Transcribe exactly, leaving out pictures, the lines from the one that holds "Image 3/30 de" through the end of the data below, including both end lines and no others.

[Collected data]
==========

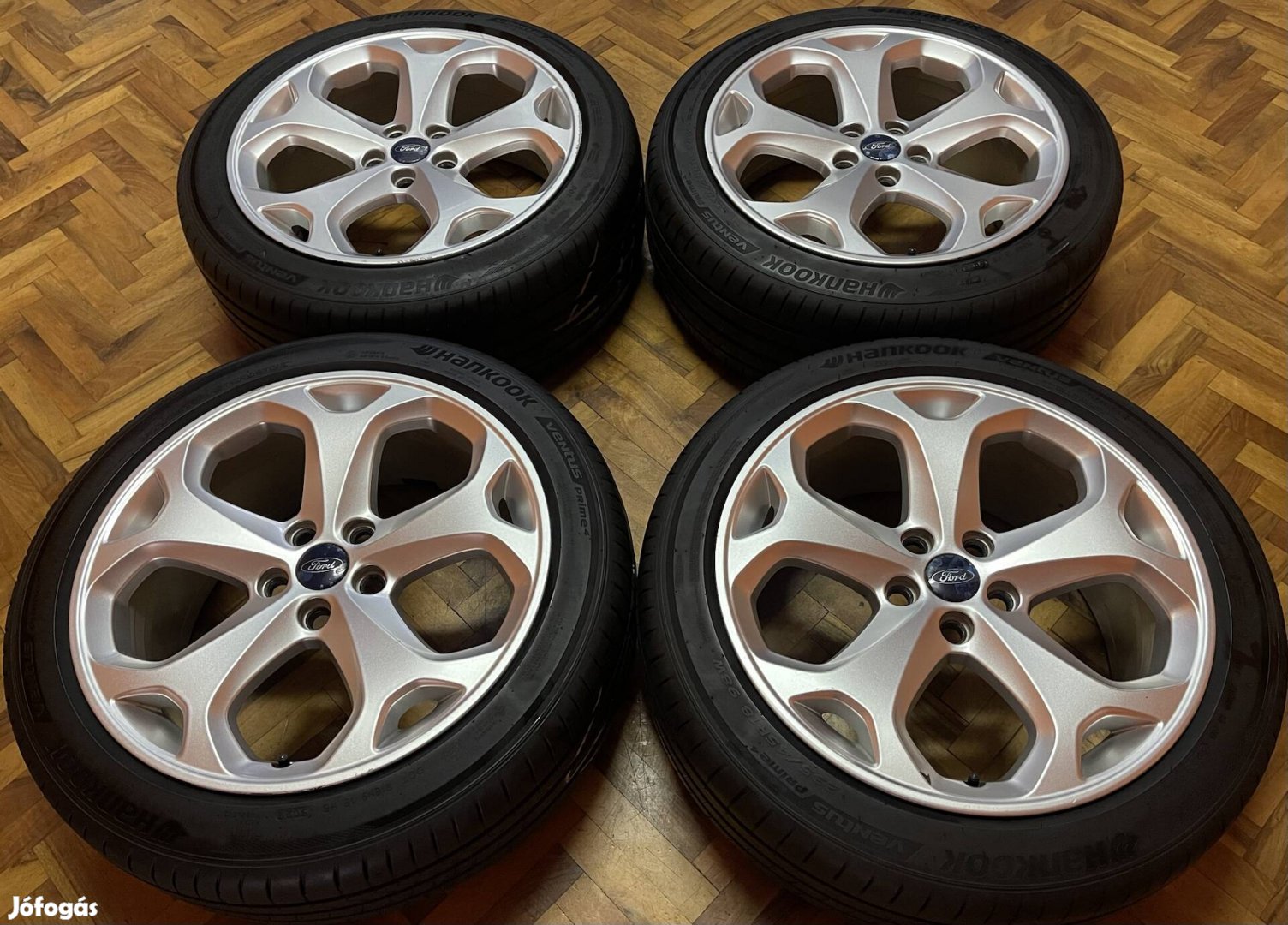 Ford Mondeo MK4 Gyári Alufelni 18" 5x108 Nyárigumikkal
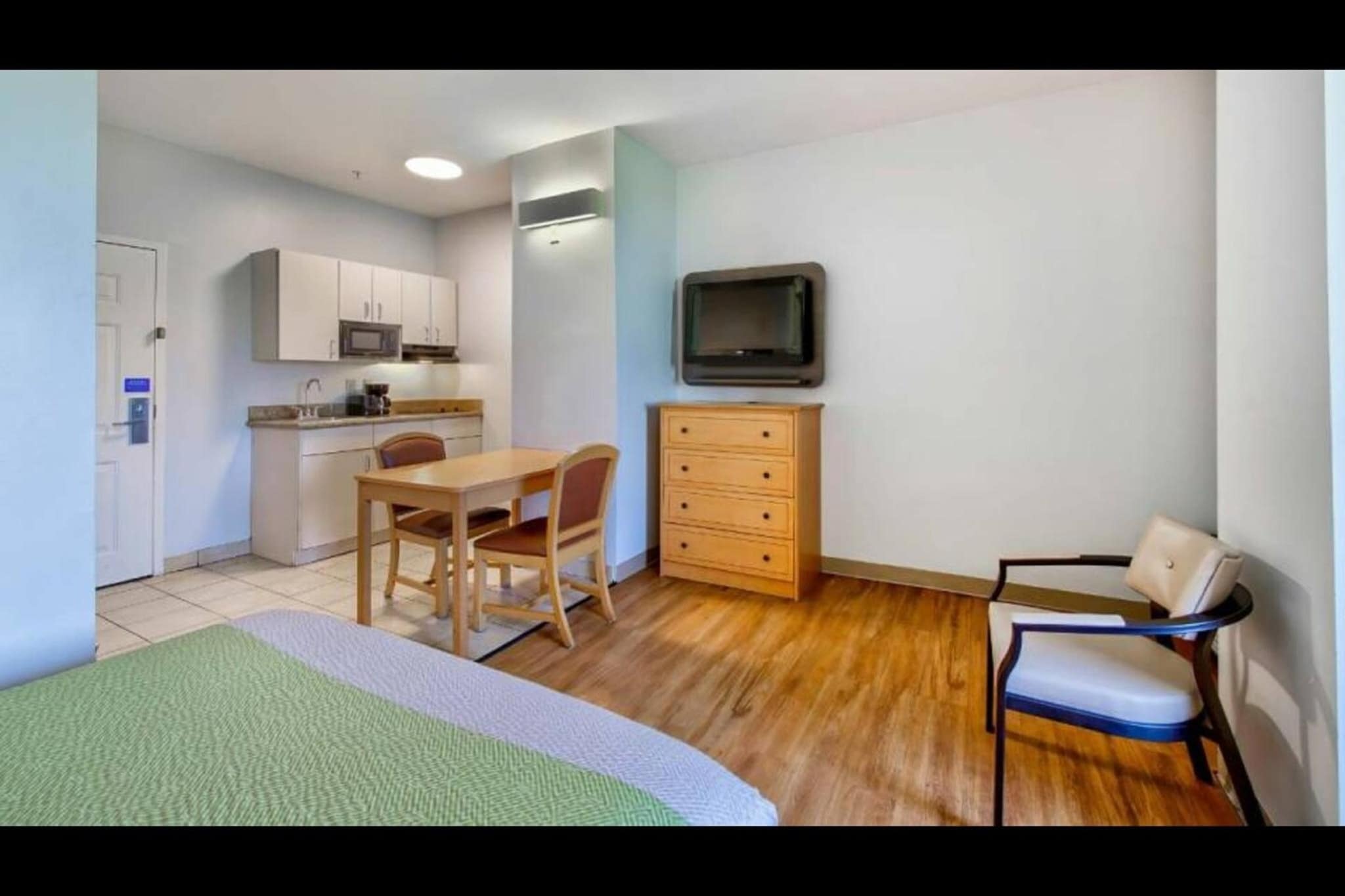 Bed Room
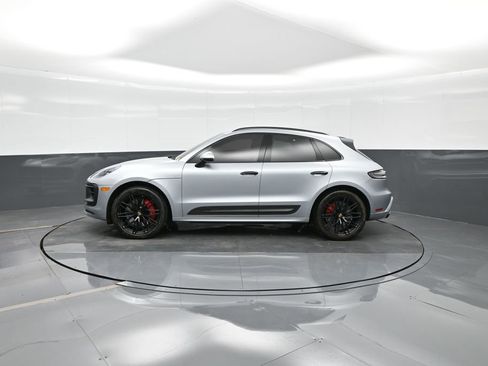 Certified 2024 Porsche Macan GTS image 2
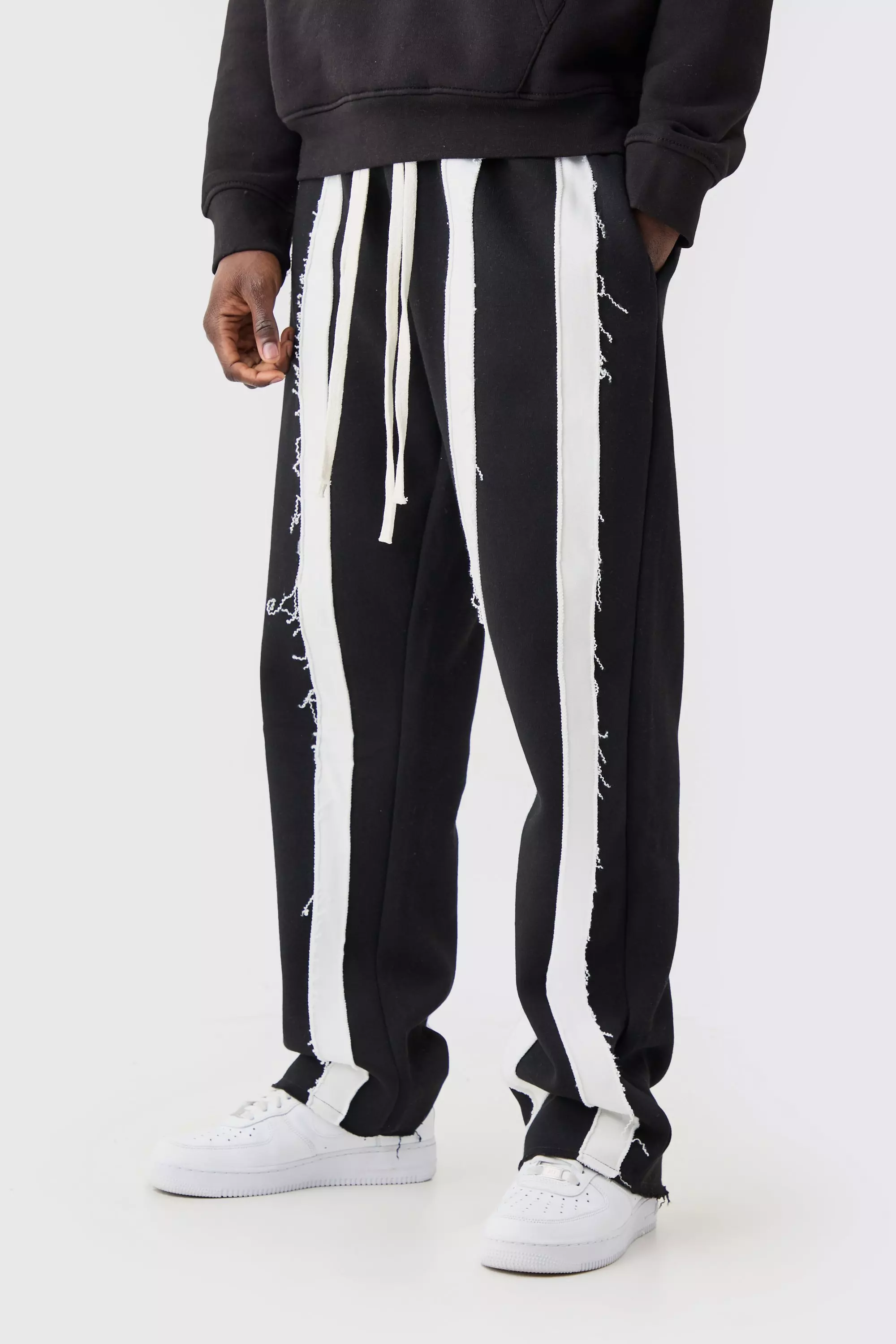 Lockere gestreifte Jogginghose mit rohem Saum, Black alternatives Bild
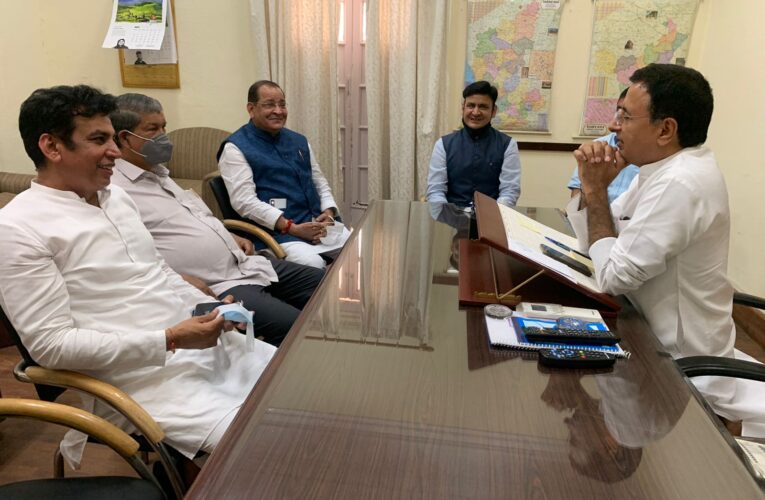 राहुल गांधी से मिलने पहुंचे कैबिनेट मंत्री यशपाल आर्य और उनके बेटे संजीव आर्य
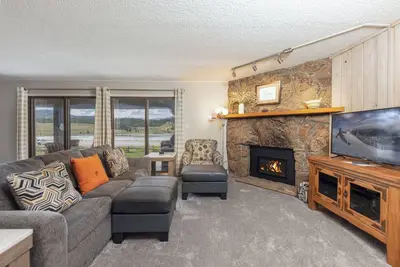 Image de Vues directes sur le lac, condo moderne sur le lac Dillon, à quelques minutes de Keystone, sur la ligne de bus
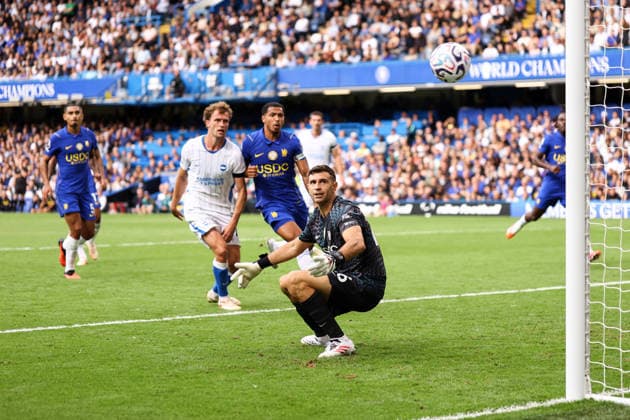 Chelsea gegen Brighton Hove Albion, 30. August 2026, London, Premier League, Fußball: Chelsea gegen Brighton Hove Albion. Chelsea-Torhüter Emiliano Martinez sieht zu, wie der Ball zum zweiten Tor für Brighton ins Netz geht. Foto: Jacques Feeney, Abseits, London, Großbritannien  Copyright: xJacquesxFeeneyx xOffsidexOffside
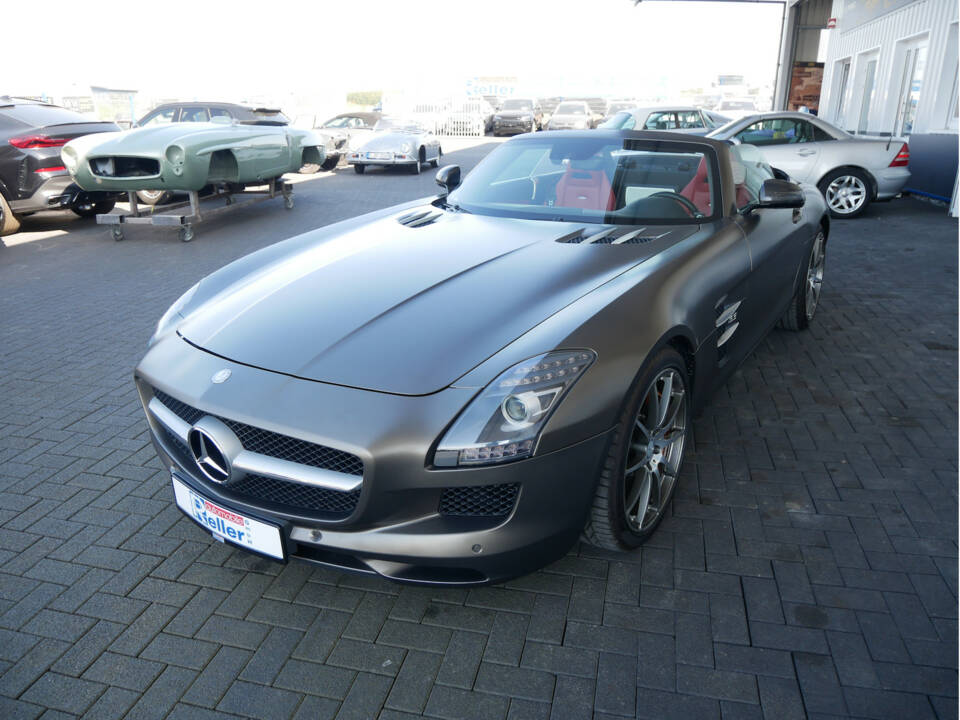 Image 3/30 de Mercedes-Benz SLS AMG Roadster (2012)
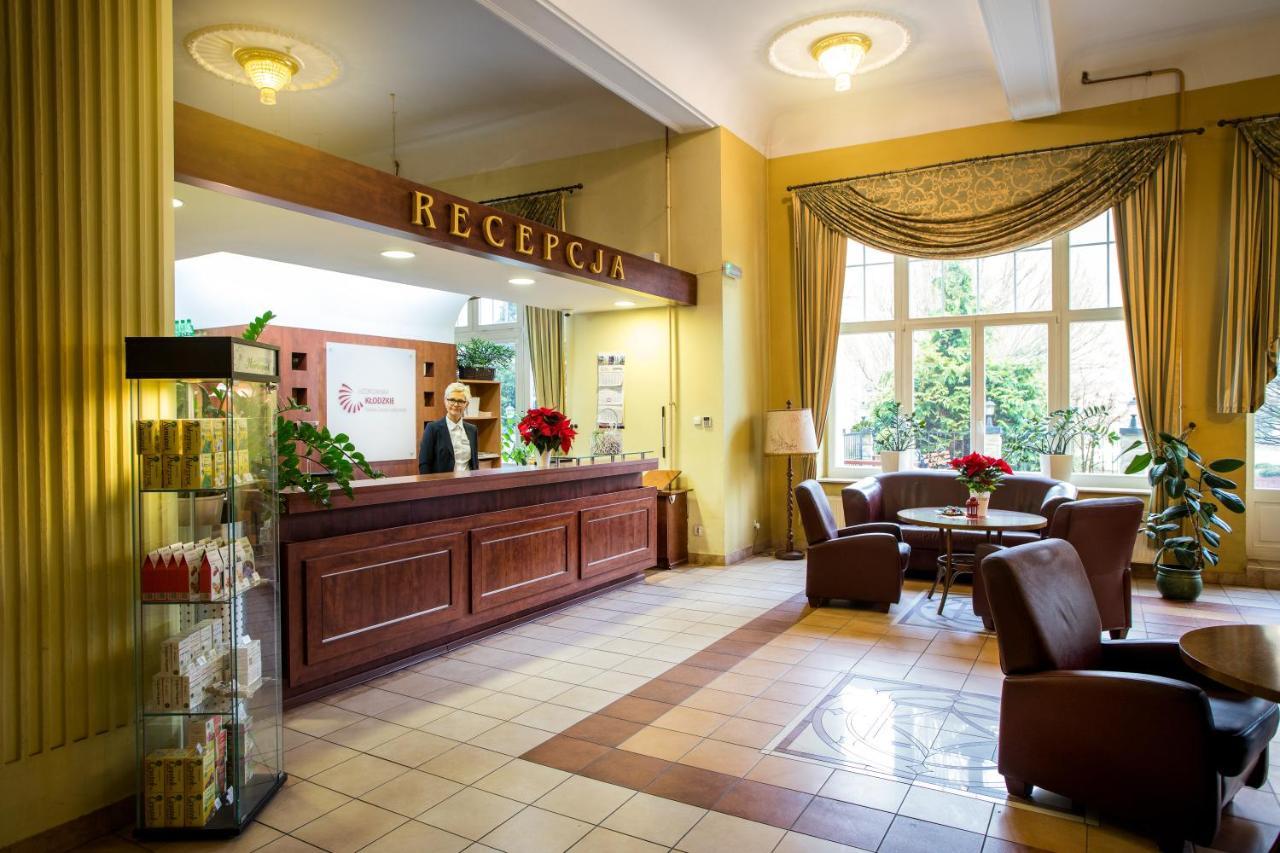 Polonia Hotel Kudowa-Zdrój Exterior foto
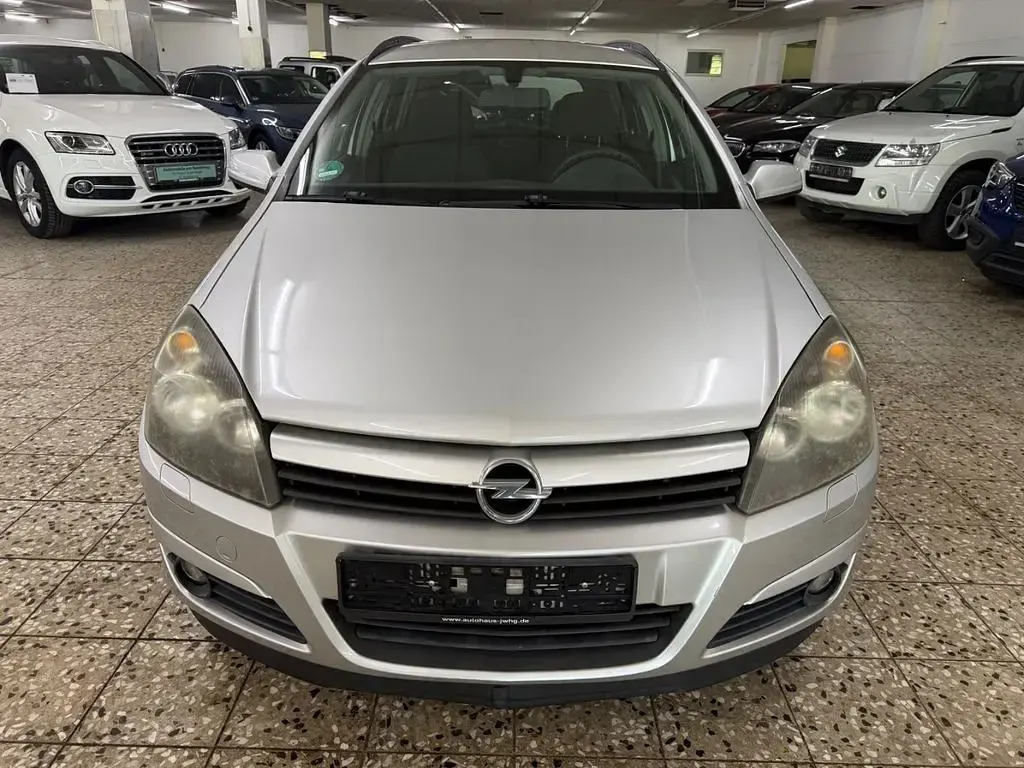 Gebraucht Opel Astra Edition 105 PS (77 kW) 2005 Silber Limousine
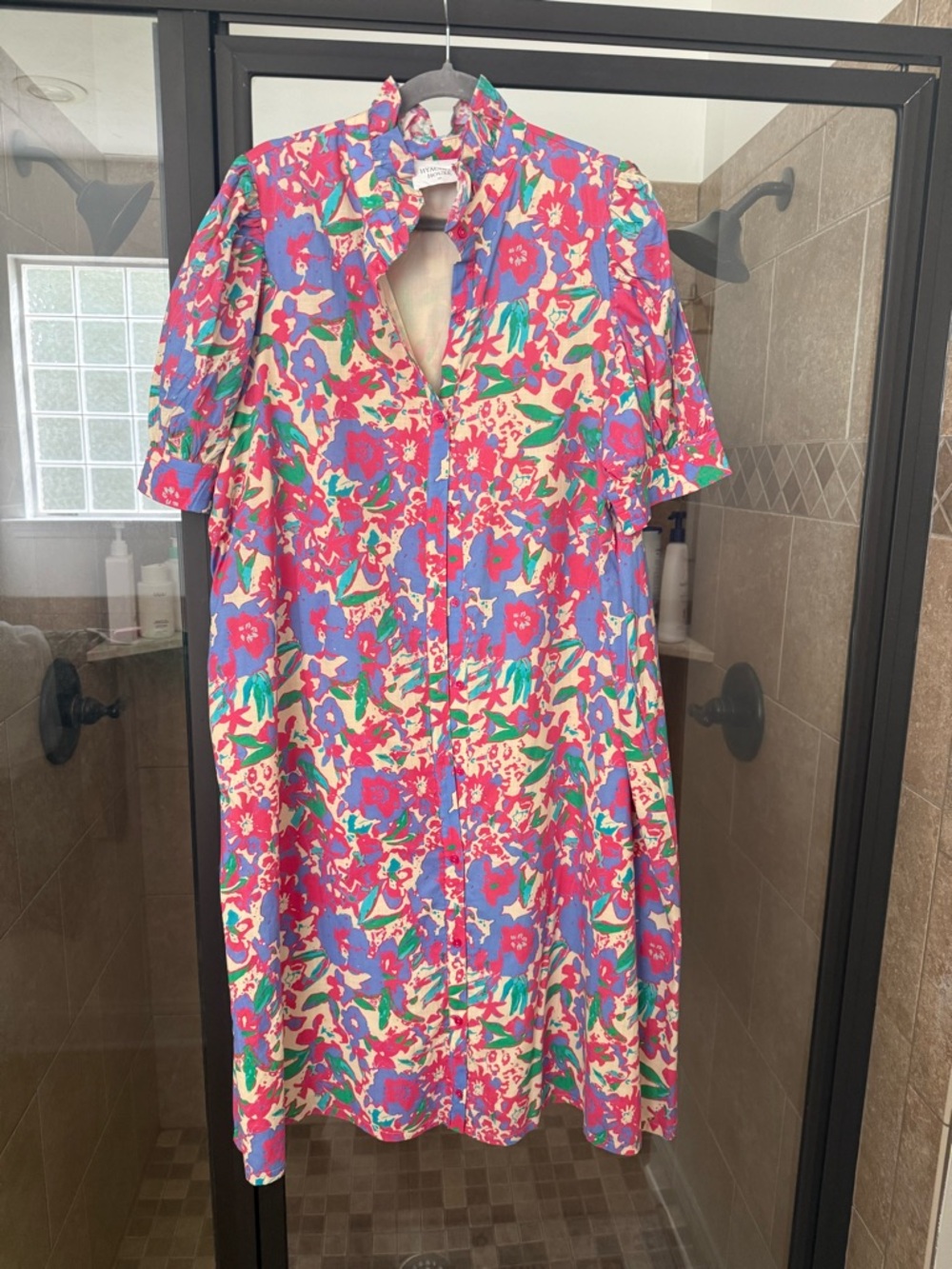 Hyacinth House Bright Floral Button-Front Midi Dress - Picture 2 of 5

==========

**Exercise result**
 Image 3/30 de Mercedes-Benz SLS AMG Roadster (2012)
 Polonia Hotel Kudowa-Zdrój Exterior foto
 Gebraucht Opel Astra Edition 105 PS (77 kW) 2005 Silber Limousine
 Hyacinth House Bright Floral Button-Front Midi Dress - Picture 2 of 5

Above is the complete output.